PROBLEM:
An exact repetition of the data below, without images, is the expected answer.

ENTRIES PROVIDED:
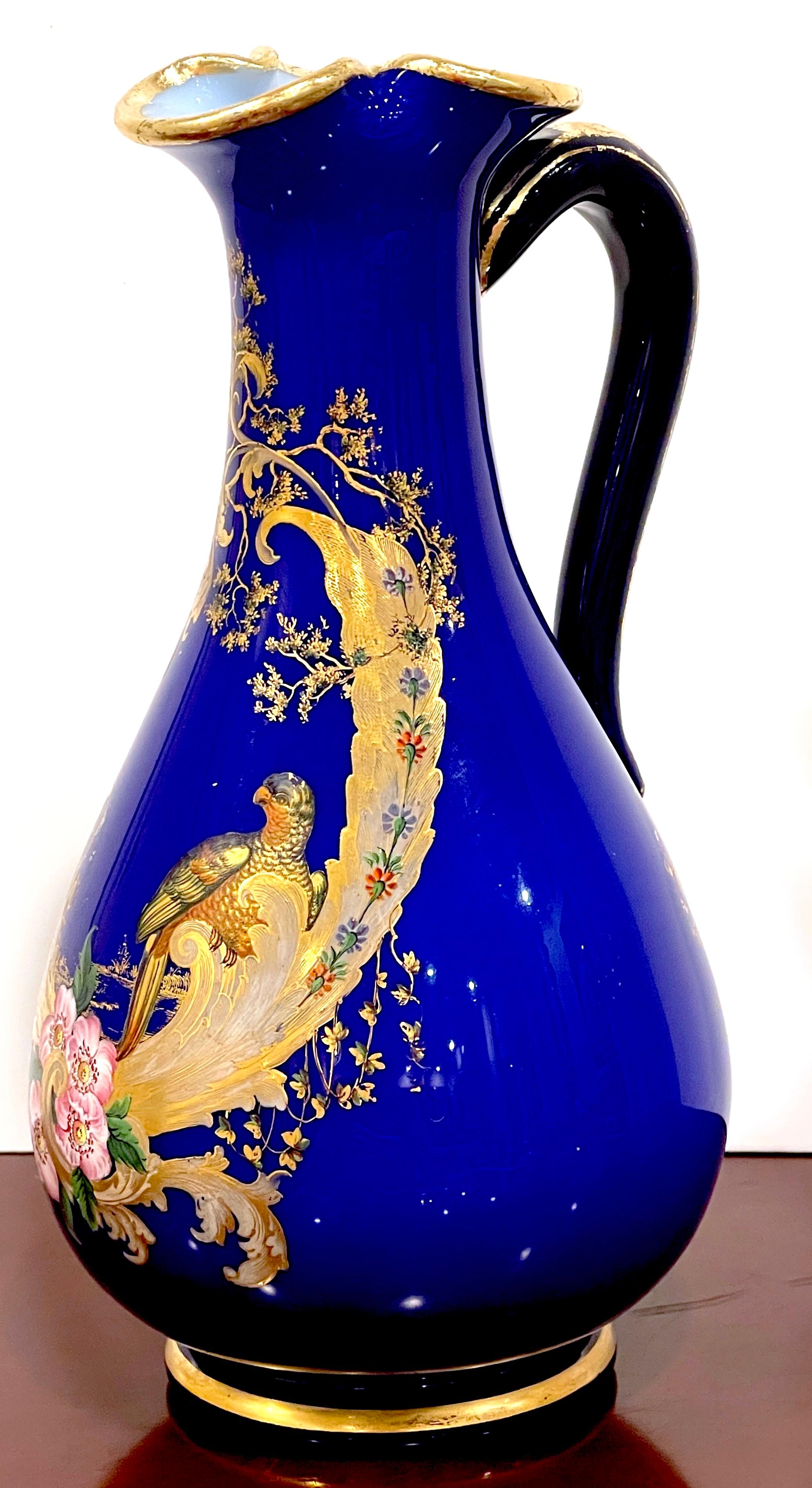 Magnificent French Cobalt Gilt Enameled Ewer, Bird of Paradise in Landscape 
Paris, France, 1870s

This French cobalt gilt enameled ewer from the 1870s is truly magnificent in its design and craftsmanship. Standing at a height of 10 inches, it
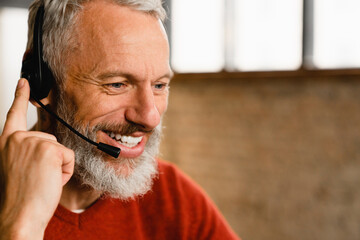 Closeup portrait of a IT support customer support manager. Mature middle-aged man freelancer in headset listening to the client on hotline, having video call online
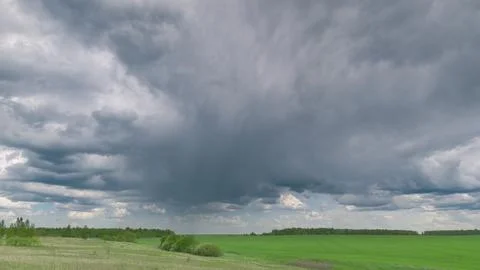 A Dramatic and Mesmerizing Cloud Formation Hovering Over Lush Green Fields and P Stock Photos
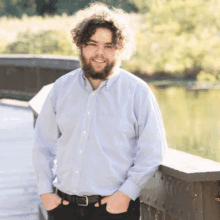 a man with curly hair and a beard is standing on a wooden bridge .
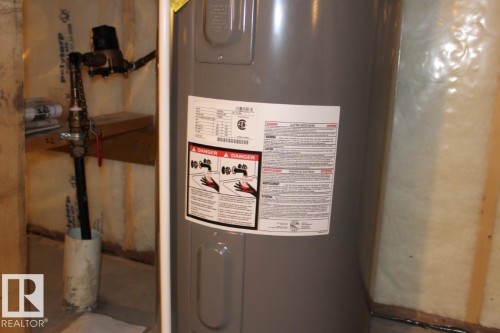 Utility room with water heater - 22 6519 46 Street, Wetaskiwin, AB - Indoor Photo Showing Basement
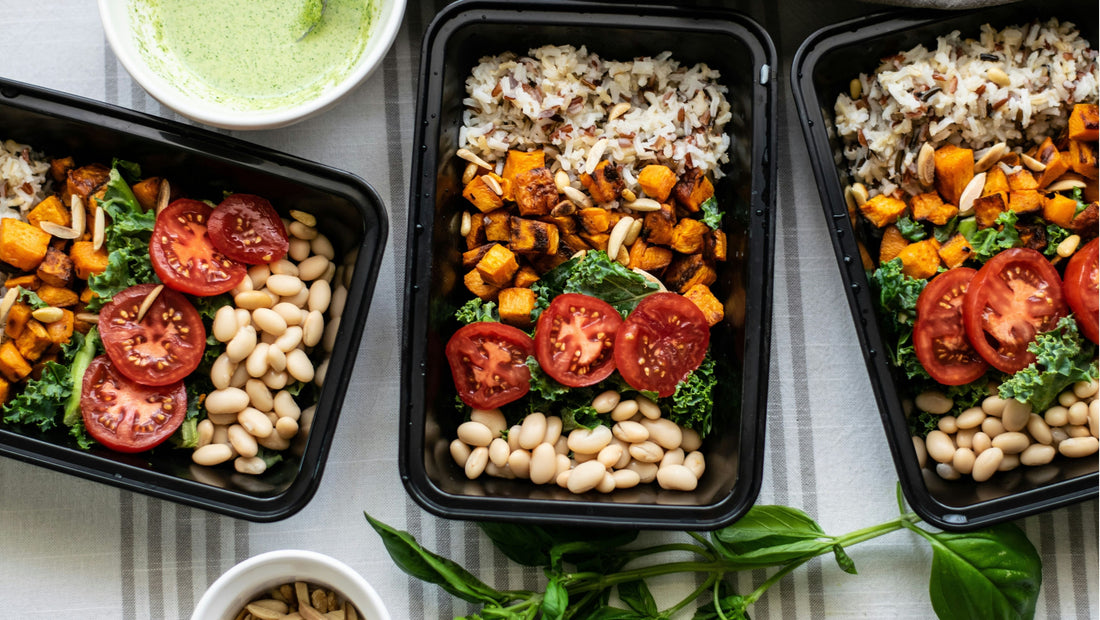 Organic ready-made meals and meal prep containers filled with roasted sweet potato, kale, tomatoes, beans and rice, showcasing healthy meal delivery made with fresh local produce from Joy Wholefoods Brisbane.
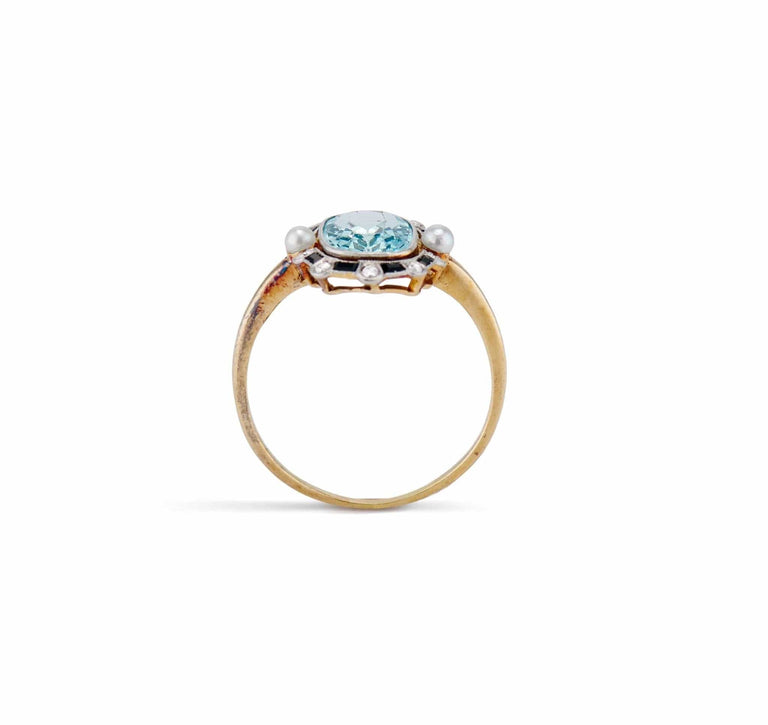 Edwardian 1.40 Carat Aquamarine, Diamond, Onyx, and Pearl Ring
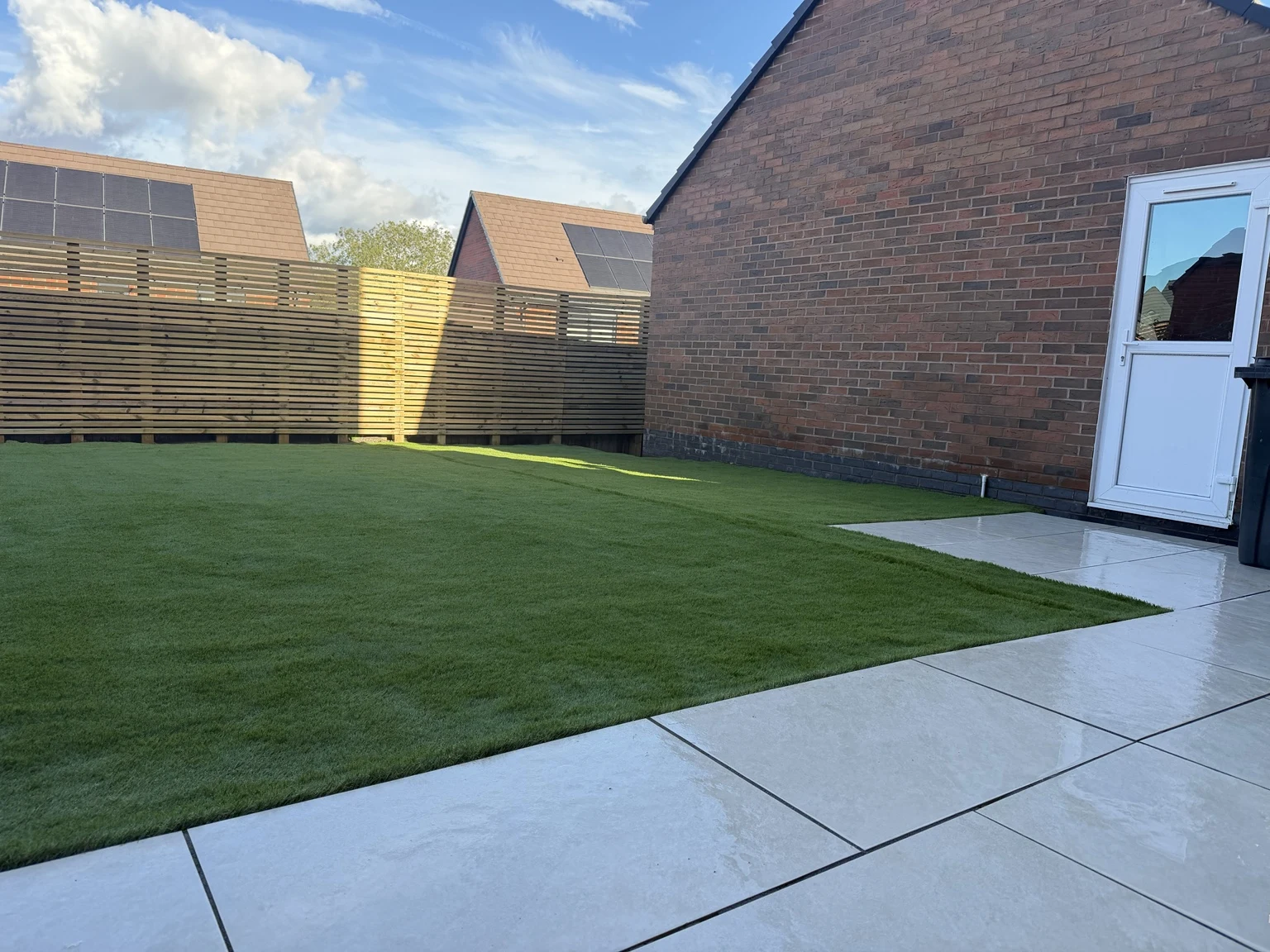Completed porcelain patio and artificial lawn framed by Venetian fencing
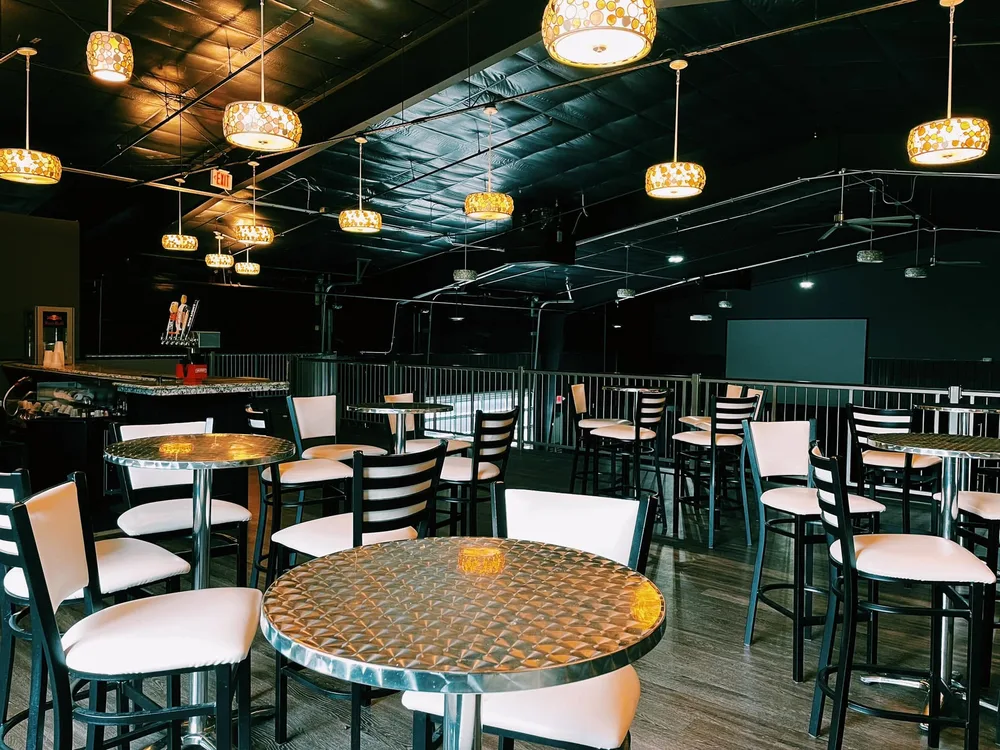 Reserved high-top tables and seating overlooking the main floor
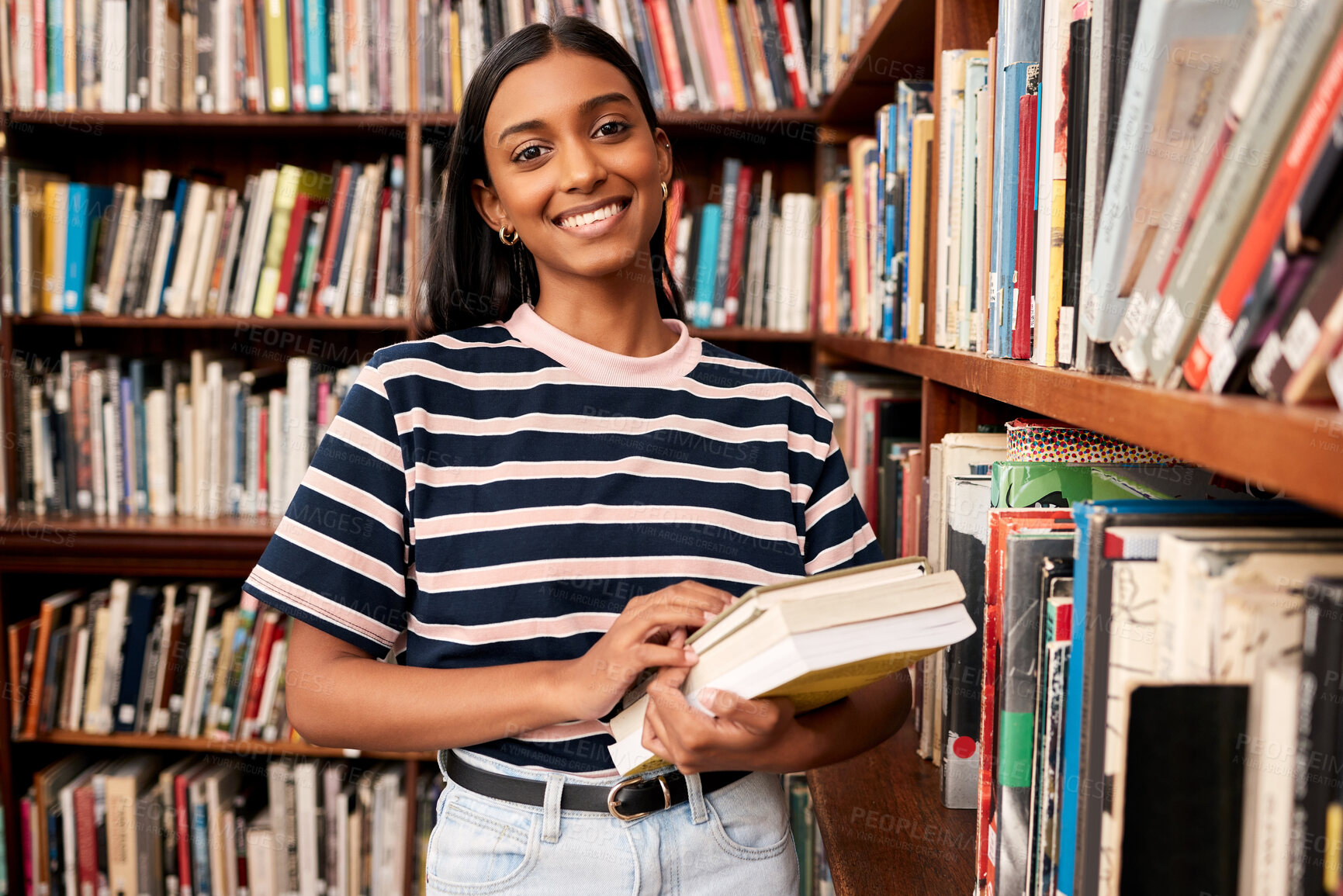 Buy stock photo College, library and portrait of girl by bookshelf with smile for literature research, education and study. Student, school and learning with book at campus for scholarship, knowledge and information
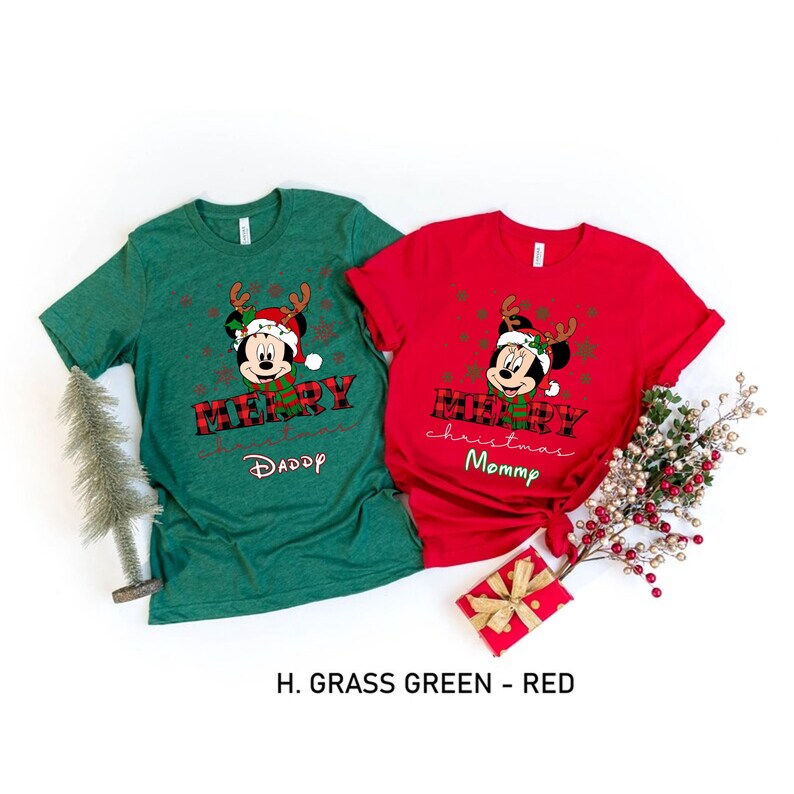 May include: Two Christmas themed t-shirts featuring a cartoon Mickey Mouse wearing a Santa hat and reindeer antlers. The green shirt says "Merry Christmas Daddy" and the red shirt says "Merry Christmas Mommy".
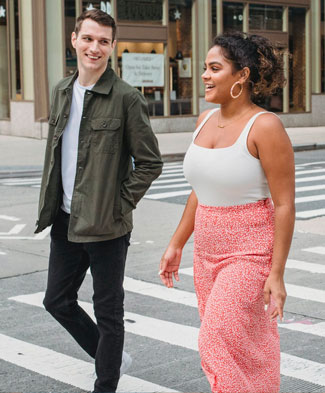 A man and woman smile while walking down the street together 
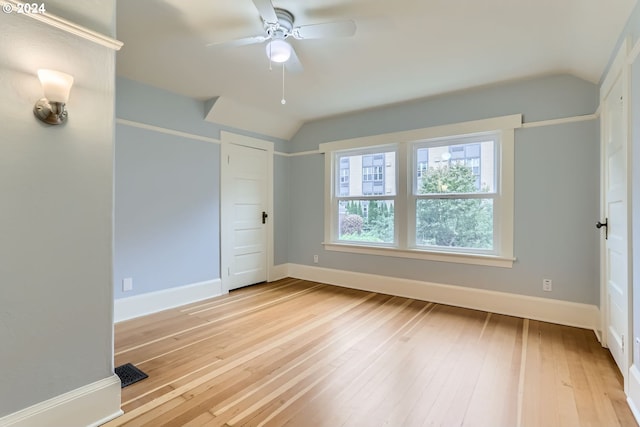 spare room featuring ceiling fan, light hardwood / wood-style flooring, and lofted ceiling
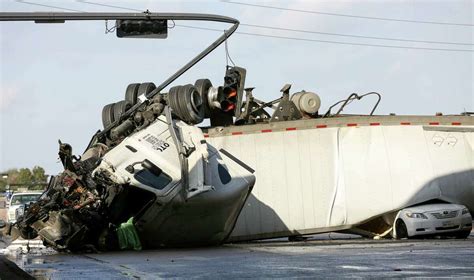 18 Wheeler Falls Off Overpass In Sugar Land Crushes Car Below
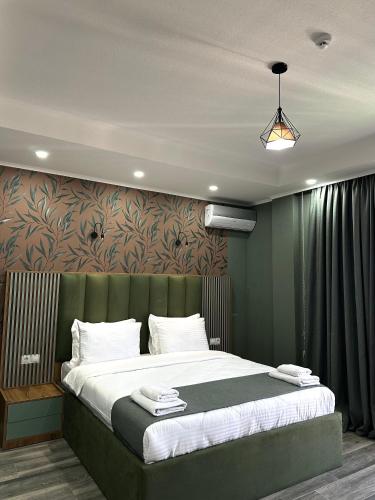a bedroom with a large bed with a green headboard at Luxmani Hotel & Spa in Tbilisi City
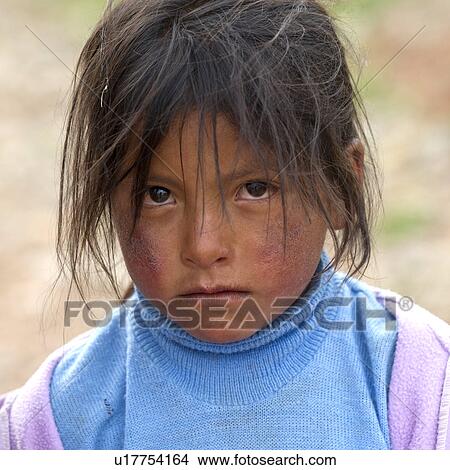 Portrait of a girl with tousled hair, Sacred Valley, Cusco Region, Peru View Large Photo Image Picture - Portrait of a girl with tousled hair, Sacred Valley, Cusco Region, Peru. Fotosearch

ANSWER BELOW:
 Magnificent French Cobalt Gilt Enameled Ewer, Bird of Paradise in Landscape 
Paris, France, 1870s

This French cobalt gilt enameled ewer from the 1870s is truly magnificent in its design and craftsmanship. Standing at a height of 10 inches, it
 Closeup portrait of a IT support customer support manager. Mature middle-aged man freelancer in headset listening to the client on hotline, having video call online
 A Dramatic and Mesmerizing Cloud Formation Hovering Over Lush Green Fields and P Stock Photos
 a man with curly hair and a beard is standing on a wooden bridge .
 Utility room with water heater - 22 6519 46 Street, Wetaskiwin, AB - Indoor Photo Showing Basement
 Organic ready-made meals and meal prep containers filled with roasted sweet potato, kale, tomatoes, beans and rice, showcasing healthy meal delivery made with fresh local produce from Joy Wholefoods Brisbane.
 Edwardian 1.40 Carat Aquamarine, Diamond, Onyx, and Pearl Ring
Completed porcelain patio and artificial lawn framed by Venetian fencing
 Reserved high-top tables and seating overlooking the main floor
 Buy stock photo College, library and portrait of girl by bookshelf with smile for literature research, education and study. Student, school and learning with book at campus for scholarship, knowledge and information
 May include: Two Christmas themed t-shirts featuring a cartoon Mickey Mouse wearing a Santa hat and reindeer antlers. The green shirt says "Merry Christmas Daddy" and the red shirt says "Merry Christmas Mommy".
 A man and woman smile while walking down the street together 
 spare room featuring ceiling fan, light hardwood / wood-style flooring, and lofted ceiling
 18 Wheeler Falls Off Overpass In Sugar Land Crushes Car Below
a bedroom with a large bed with a green headboard at Luxmani Hotel & Spa in Tbilisi City
 Portrait of a girl with tousled hair, Sacred Valley, Cusco Region, Peru View Large Photo Image Picture - Portrait of a girl with tousled hair, Sacred Valley, Cusco Region, Peru. Fotosearch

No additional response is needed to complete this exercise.